DATASET RECORDS:
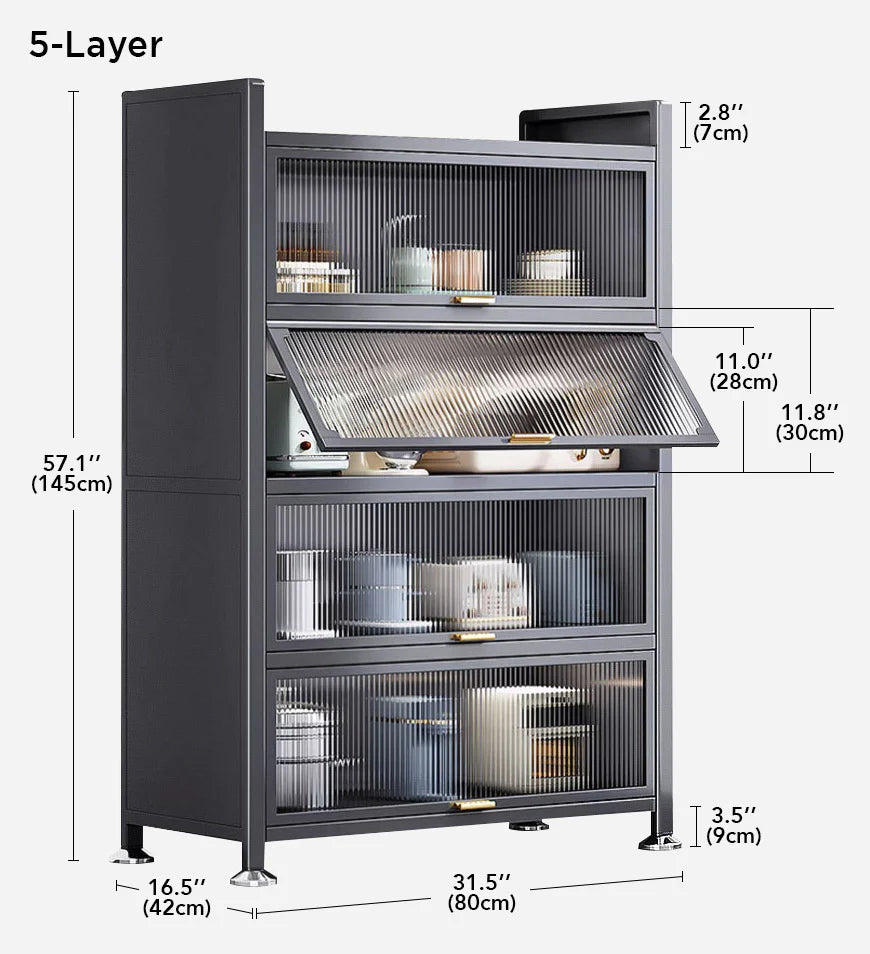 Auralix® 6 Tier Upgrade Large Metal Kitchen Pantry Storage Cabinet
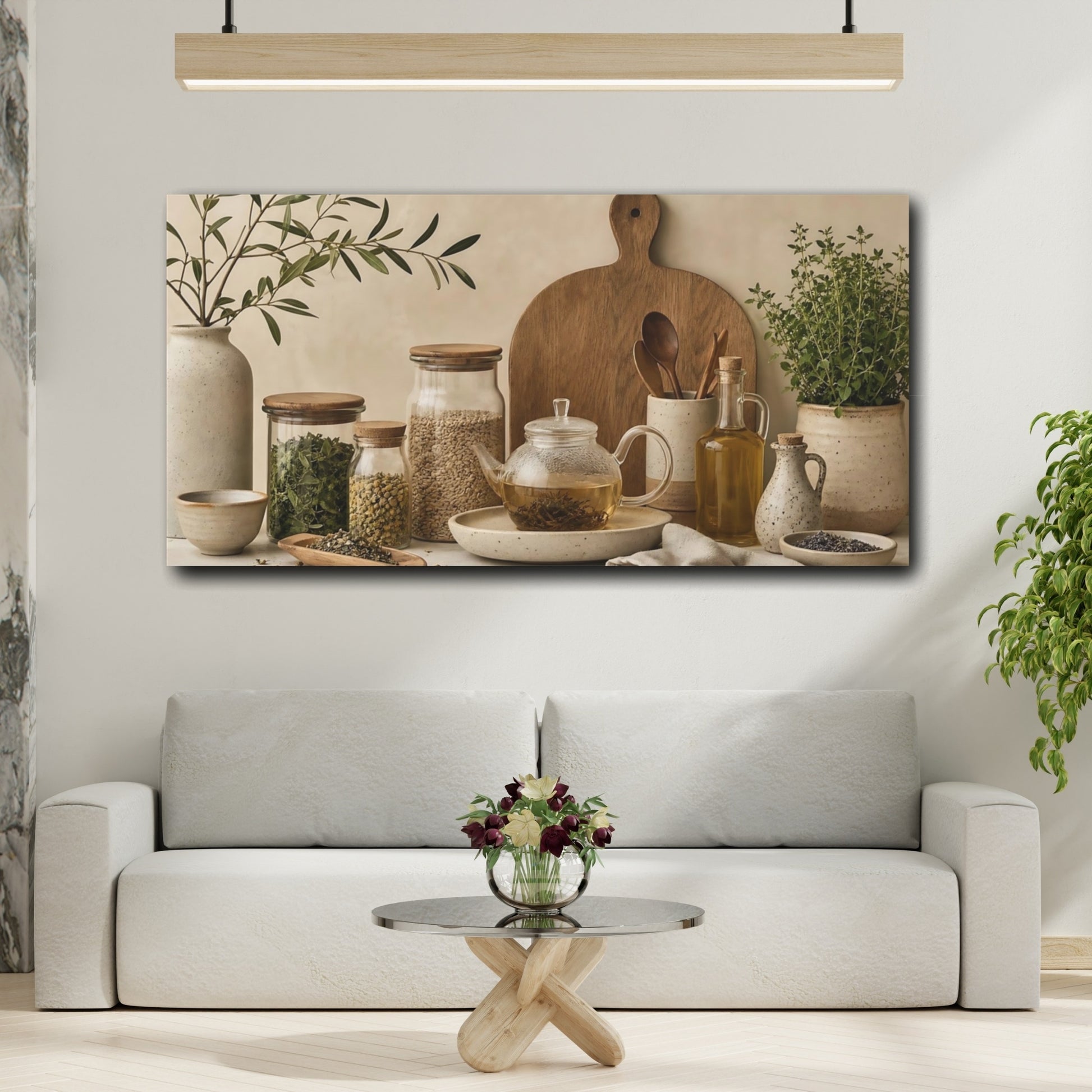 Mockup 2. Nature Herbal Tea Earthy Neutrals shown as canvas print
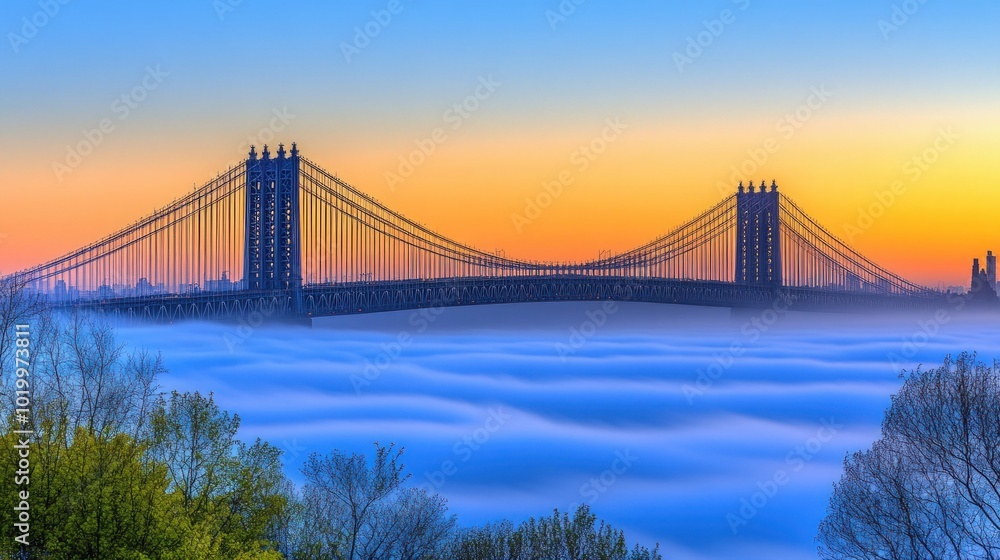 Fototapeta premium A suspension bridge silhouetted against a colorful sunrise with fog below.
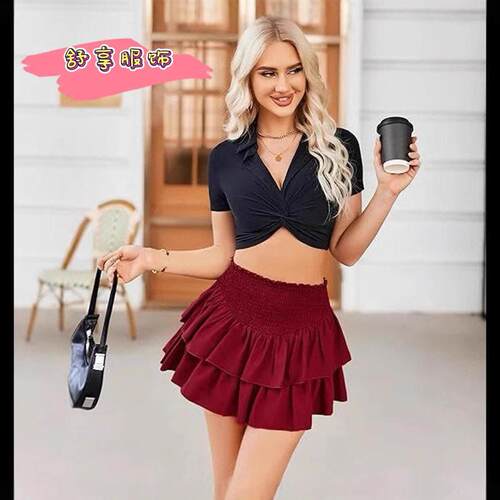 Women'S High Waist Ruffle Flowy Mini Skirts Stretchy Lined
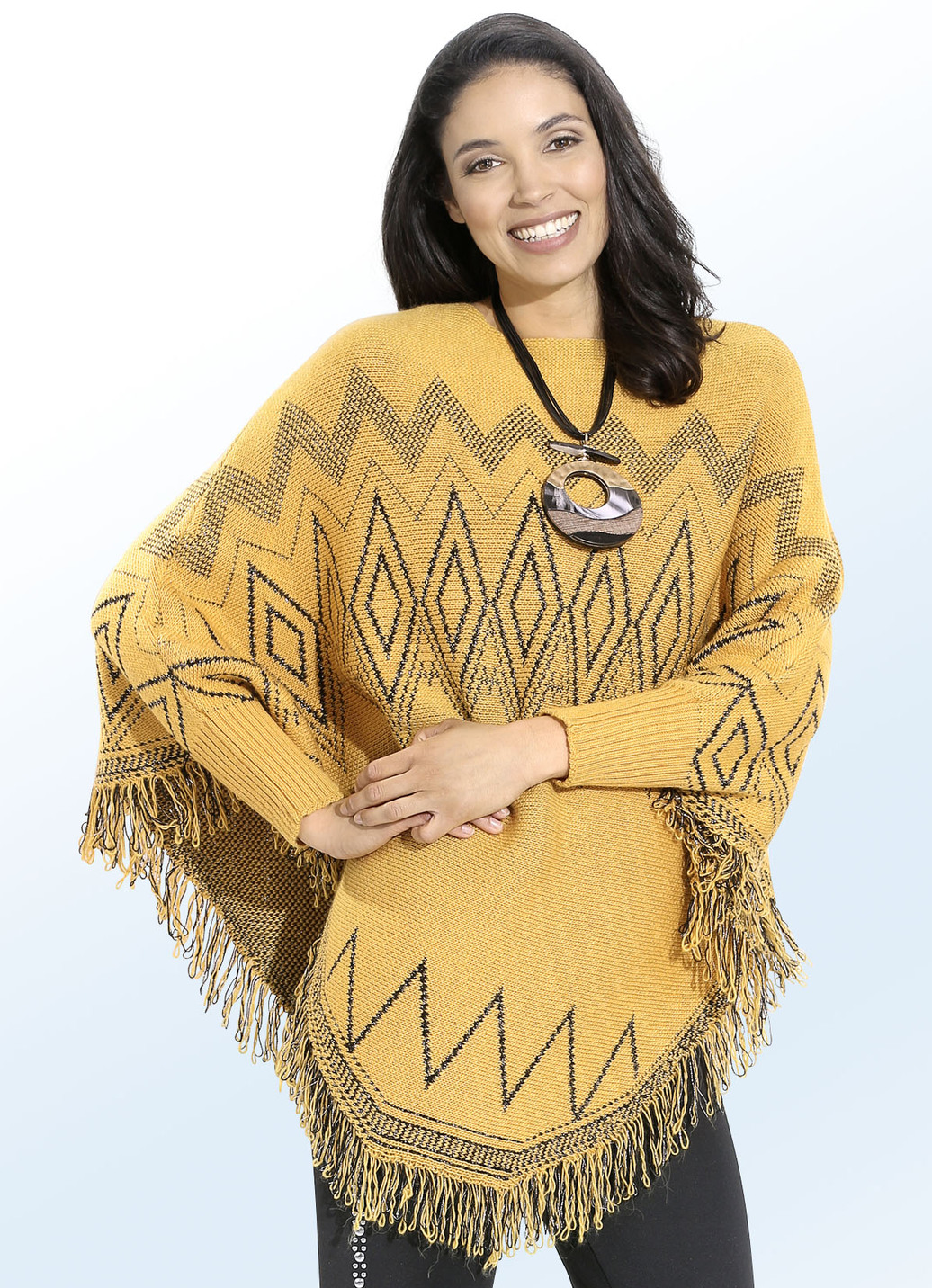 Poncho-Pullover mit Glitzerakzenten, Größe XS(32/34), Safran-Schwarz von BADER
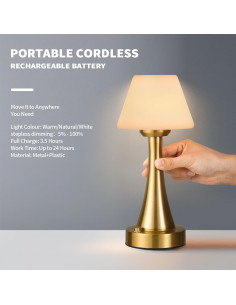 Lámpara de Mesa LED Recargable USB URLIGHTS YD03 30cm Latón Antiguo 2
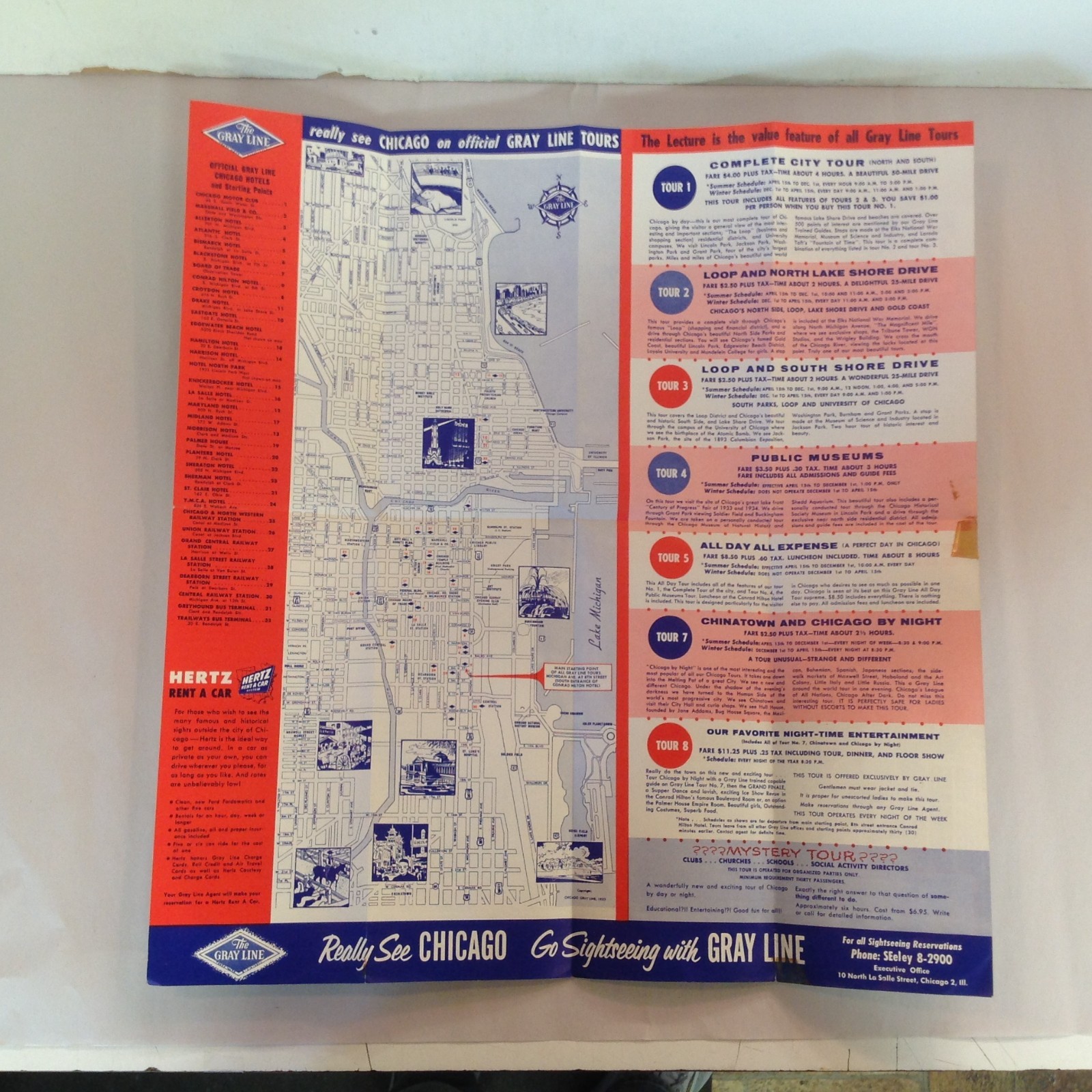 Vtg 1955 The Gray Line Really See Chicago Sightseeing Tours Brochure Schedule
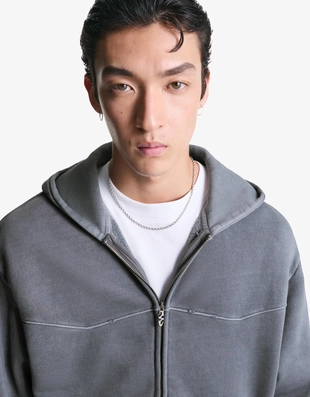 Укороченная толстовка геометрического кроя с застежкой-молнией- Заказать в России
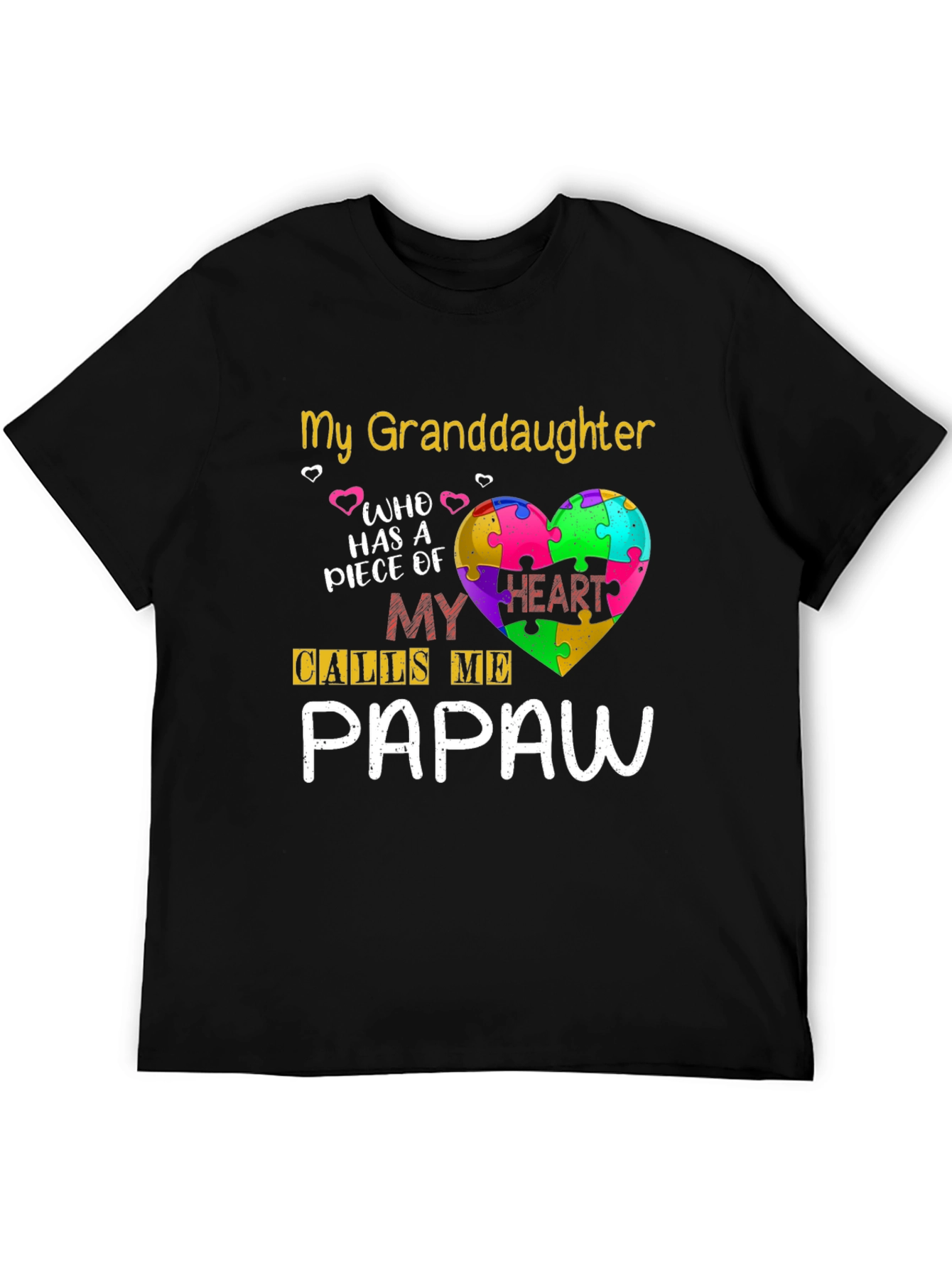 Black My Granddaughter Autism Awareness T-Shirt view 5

TO DO: Starting at the line where "Fototapeta premium A" appears, restate every line through the end of the records above exactly, but omit the pictures.

ANSWER BOX:
 Fototapeta premium A suspension bridge silhouetted against a colorful sunrise with fog below.
 Women'S High Waist Ruffle Flowy Mini Skirts Stretchy Lined
 Poncho-Pullover mit Glitzerakzenten, Größe XS(32/34), Safran-Schwarz von BADER
 Lámpara de Mesa LED Recargable USB URLIGHTS YD03 30cm Latón Antiguo 2
 Vtg 1955 The Gray Line Really See Chicago Sightseeing Tours Brochure Schedule
 Укороченная толстовка геометрического кроя с застежкой-молнией- Заказать в России
 Black My Granddaughter Autism Awareness T-Shirt view 5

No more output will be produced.